(Beginning of ENTRIES SHOWN)
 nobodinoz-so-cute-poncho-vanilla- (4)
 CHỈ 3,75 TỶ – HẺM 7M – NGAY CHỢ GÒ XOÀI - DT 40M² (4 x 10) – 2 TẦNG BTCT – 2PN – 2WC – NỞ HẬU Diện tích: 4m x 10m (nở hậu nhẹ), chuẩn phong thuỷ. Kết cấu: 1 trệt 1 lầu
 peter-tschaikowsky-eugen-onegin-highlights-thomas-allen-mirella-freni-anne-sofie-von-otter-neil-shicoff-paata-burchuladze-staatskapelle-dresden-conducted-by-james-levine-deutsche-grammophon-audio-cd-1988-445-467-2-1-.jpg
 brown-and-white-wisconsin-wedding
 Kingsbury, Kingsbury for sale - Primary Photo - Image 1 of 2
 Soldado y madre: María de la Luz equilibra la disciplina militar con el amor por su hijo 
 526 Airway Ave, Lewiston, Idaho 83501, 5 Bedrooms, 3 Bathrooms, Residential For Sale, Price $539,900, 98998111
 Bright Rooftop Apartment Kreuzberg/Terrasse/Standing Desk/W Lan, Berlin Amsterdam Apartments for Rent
(End of ENTRIES SHOWN)
*WORK TASK*
When transcribing the data, keep every line exactly as it is.

*RESPONSE*
 nobodinoz-so-cute-poncho-vanilla- (4)
 CHỈ 3,75 TỶ – HẺM 7M – NGAY CHỢ GÒ XOÀI - DT 40M² (4 x 10) – 2 TẦNG BTCT – 2PN – 2WC – NỞ HẬU Diện tích: 4m x 10m (nở hậu nhẹ), chuẩn phong thuỷ. Kết cấu: 1 trệt 1 lầu
 peter-tschaikowsky-eugen-onegin-highlights-thomas-allen-mirella-freni-anne-sofie-von-otter-neil-shicoff-paata-burchuladze-staatskapelle-dresden-conducted-by-james-levine-deutsche-grammophon-audio-cd-1988-445-467-2-1-.jpg
 brown-and-white-wisconsin-wedding
 Kingsbury, Kingsbury for sale - Primary Photo - Image 1 of 2
 Soldado y madre: María de la Luz equilibra la disciplina militar con el amor por su hijo 
 526 Airway Ave, Lewiston, Idaho 83501, 5 Bedrooms, 3 Bathrooms, Residential For Sale, Price $539,900, 98998111
 Bright Rooftop Apartment Kreuzberg/Terrasse/Standing Desk/W Lan, Berlin Amsterdam Apartments for Rent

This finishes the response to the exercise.